On the road, the Adam Rocks sits 15mm higher than the Adam and rides on 17 inch sterling silver ‘Swiss blade alloy wheels’. Despite the large sized wheels on the small city car, the additional height adds some comfort to the ride. Like the Corsa, the steering feels sharp and it handles well. The new 3 cylinder 1.0 Turbo petrol engine puts out 115PS and 170Nm and is a breath a fresh air compared to the 1.4 petrol. It instantly feels pokey and more alive. Acceleration is by no means rapid with 0-100kmh being achieved in 9.9 seconds, but when you’re up and cruising on motorways however, it absolutely flies and the 3 cylinder remains quite composed and refined with very little noise. Despite its size and it being a city car, I found it to be a good motorway cruiser.
Inside, like the Opel Corsa, the cabin is very well finished with the use of quality materials and a funky use of contrast colours between the dashboard, seats and throughout. The excellent IntelliLink system dominates the centre console and manages all of your phone and media from the easy to use 7 inch touch screen. A system that will blend well with the ‘online’ nature of today’s young driver. These functions can also be controlled via the leather multi-function steering wheel. Overall the Adam Rocks is exceptionally well equipped and feels like a quality product. While front seat passenger space is ample, rear passengers are not quite as fortunate. It’s tight in the back and is more suited to younger children when it comes to extended journeys.
Since its introduction the Adam has been somewhat of a Marmite car for most that have experienced it.
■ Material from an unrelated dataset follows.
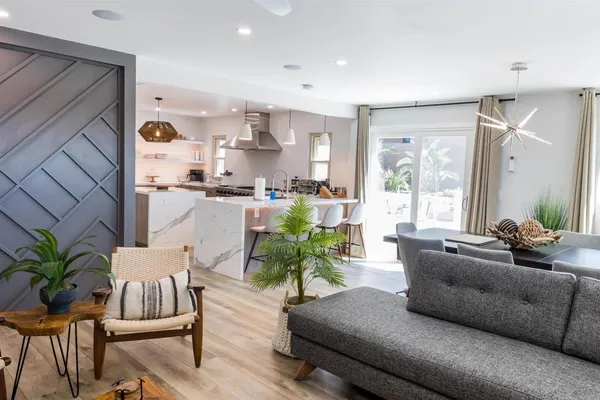 a room with a chandelier and a flat screen tv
For me, the original Adam back in 2013 was clearly focussed on a niche demographic of the market but didn’t quite meet the brief. The Adam Rocks however brings it so close to the marque that it appears to be poised to steal some of the ever dominating Fiat 500’s thunder. It’s not just the looks but the full package that makes the Adam Rocks. No other city car can touch its interior for style or quality. The new 1.0 petrol engine is also a welcomed addition and alternative to the 1.4 adding a spark to its character and a well thought out exterior package including the folding cloth roof are features that add that urban fun factor.
Starting from €18,995 with our test car coming to €21,745, affordability could be an issue for a younger market. That said, standard specification and build quality may justify that price tag. I was not expecting the Rocks to be quite so different from the Adam but I have to admit I was a little taken by the Adam Rocks on this occasion. It doesn’t feel like it’s trying too hard with a real personality of its own now shining through and with it comes a much improved drive and sense of appeal.